Er schaut auf die Uhr. Eine teuer aussehende Uhr.
"In einer Stunde geht der nächste. Eine ganze Stunde verschissen", ärgert er sich. "Stress?", will ich wissen.
"Das wäre ein zu großes Wort", meint er und setzt sich neben mich.
"Ach ja?" fordere ich ihn zum Weitersprechen auf. Willig nimmt er das Gespräch an. Er ist es offensichtlich gewohnt mit fremden Menschen Smalltalk zu betreiben. Ich nicht.

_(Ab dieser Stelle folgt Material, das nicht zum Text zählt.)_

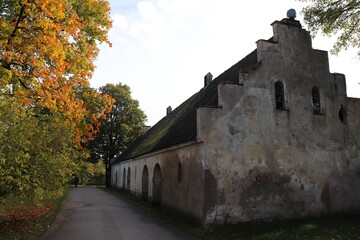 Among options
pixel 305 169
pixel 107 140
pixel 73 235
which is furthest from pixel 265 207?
pixel 107 140

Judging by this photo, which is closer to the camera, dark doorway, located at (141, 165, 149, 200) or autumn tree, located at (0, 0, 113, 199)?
autumn tree, located at (0, 0, 113, 199)

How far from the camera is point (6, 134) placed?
33.7ft

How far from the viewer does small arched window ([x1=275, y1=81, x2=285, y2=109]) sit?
1496 centimetres

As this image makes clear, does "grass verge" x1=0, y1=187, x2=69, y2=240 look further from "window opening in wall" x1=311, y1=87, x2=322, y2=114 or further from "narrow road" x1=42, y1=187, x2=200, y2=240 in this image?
"window opening in wall" x1=311, y1=87, x2=322, y2=114

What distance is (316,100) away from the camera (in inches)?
619

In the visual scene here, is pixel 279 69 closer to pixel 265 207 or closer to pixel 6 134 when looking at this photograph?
pixel 265 207

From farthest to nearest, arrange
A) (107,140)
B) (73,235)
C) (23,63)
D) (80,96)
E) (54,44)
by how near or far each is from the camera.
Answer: (107,140), (80,96), (73,235), (23,63), (54,44)

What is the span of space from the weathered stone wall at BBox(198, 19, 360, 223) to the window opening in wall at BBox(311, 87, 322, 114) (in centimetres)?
20

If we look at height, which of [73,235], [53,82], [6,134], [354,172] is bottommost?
[73,235]

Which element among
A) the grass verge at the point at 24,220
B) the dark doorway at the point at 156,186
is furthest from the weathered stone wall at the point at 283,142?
the dark doorway at the point at 156,186

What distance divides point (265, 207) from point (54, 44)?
10.3m

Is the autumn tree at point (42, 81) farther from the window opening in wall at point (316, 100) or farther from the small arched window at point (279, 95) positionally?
the window opening in wall at point (316, 100)

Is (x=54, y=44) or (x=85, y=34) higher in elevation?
(x=85, y=34)

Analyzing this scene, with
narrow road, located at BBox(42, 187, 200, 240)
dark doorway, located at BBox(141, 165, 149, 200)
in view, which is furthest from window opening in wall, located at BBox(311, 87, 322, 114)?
dark doorway, located at BBox(141, 165, 149, 200) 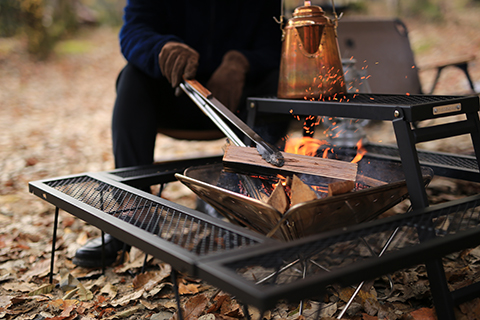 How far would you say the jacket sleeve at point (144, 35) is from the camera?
182 centimetres

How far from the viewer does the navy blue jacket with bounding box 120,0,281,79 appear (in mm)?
2102

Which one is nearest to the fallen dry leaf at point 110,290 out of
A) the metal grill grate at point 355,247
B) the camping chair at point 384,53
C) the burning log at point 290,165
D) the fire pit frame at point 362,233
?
the fire pit frame at point 362,233

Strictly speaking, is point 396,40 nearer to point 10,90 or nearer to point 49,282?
point 49,282

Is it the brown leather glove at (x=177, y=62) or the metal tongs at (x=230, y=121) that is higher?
the brown leather glove at (x=177, y=62)

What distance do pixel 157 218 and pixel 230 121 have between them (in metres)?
0.48

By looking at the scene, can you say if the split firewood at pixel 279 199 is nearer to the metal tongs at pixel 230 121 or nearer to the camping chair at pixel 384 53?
the metal tongs at pixel 230 121

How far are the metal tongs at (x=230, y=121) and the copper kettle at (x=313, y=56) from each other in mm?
240

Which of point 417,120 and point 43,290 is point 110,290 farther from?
point 417,120

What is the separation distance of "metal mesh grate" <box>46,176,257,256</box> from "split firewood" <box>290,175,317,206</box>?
0.22 metres

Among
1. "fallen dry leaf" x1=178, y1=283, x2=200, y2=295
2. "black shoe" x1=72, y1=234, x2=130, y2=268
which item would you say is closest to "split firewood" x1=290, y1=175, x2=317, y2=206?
"fallen dry leaf" x1=178, y1=283, x2=200, y2=295

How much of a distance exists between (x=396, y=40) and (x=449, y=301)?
2984 mm

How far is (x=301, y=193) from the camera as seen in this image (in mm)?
1080

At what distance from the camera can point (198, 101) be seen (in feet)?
5.31

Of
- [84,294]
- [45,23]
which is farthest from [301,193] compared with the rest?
[45,23] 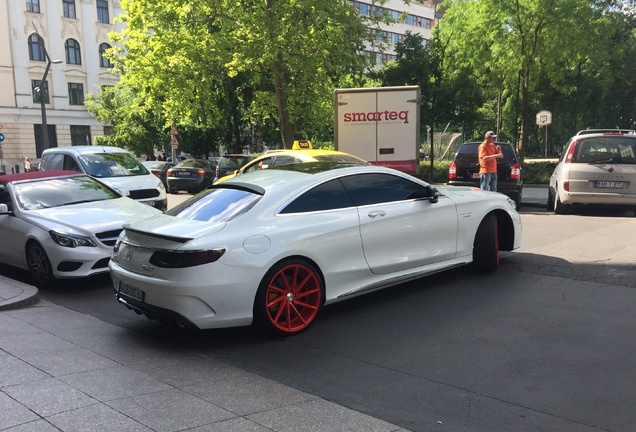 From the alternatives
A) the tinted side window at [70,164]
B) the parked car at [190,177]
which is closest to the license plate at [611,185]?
the tinted side window at [70,164]

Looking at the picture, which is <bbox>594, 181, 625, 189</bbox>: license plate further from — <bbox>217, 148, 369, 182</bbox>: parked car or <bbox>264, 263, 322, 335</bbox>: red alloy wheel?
<bbox>264, 263, 322, 335</bbox>: red alloy wheel

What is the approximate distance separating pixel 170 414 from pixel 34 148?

"Dabei bin ich wirklich gut organisiert. Mein Time-Management-App hat mich perfekt durch den Einkaufsdschungel gelotst. Was es nicht einplanen konnte war die Zeitspanne die ich benötigte, um durch die Griffe all dieser vielen Taschen zu kommen."
Ich liebe es, wenn Menschen Sarkasmus nicht fremd ist, wenn sie auch sich selbst nicht so wichtig nehmen. Ein vielversprechender Gesprächspartner, mein erster Eindruck hat mich nicht getäuscht!
"Das kostete Sie eine ganze Minute?" staune ich.
"Ja. Oder sogar mehr. Drei, vier Minuten!"
"Das ist viel Zeit", wollte ich das Geplänkel keinesfalls abreißen lassen.
"Sie sagen es. Und ich musste schließlich... warten Sie... eins, zwei... nein, vier Mal die Straßenbahn wechseln!"
"Sie fahren mit der Straßenbahn zum Einkaufen?" " Natürlich. Man muss die Öffentlichen nutzen, sonst gibt es sie bald nicht mehr. Und dann... was dann?"
Ich wage einen Vorstoß: "Ich hätte Sie als Mercedesfahrer eingeschätzt."
"Tatsächlich?"
Jetzt bin ich neugierig, was kommt. Es macht mir immer mehr Freude Menschen zu beobachten, mir auszudenken, wer sie sind und wie sie leben. Es ist spannender, lebendiger als ein Buch zu lesen oder einen Film anzusehen. Es ist mein eigener Film. Ich bin selbst Drehbuchautor und Regisseur, Kameramann und Cutter. "Nicht ganz richtig. Nicht ganz falsch", wiegt er bedächtig seinen Kopf.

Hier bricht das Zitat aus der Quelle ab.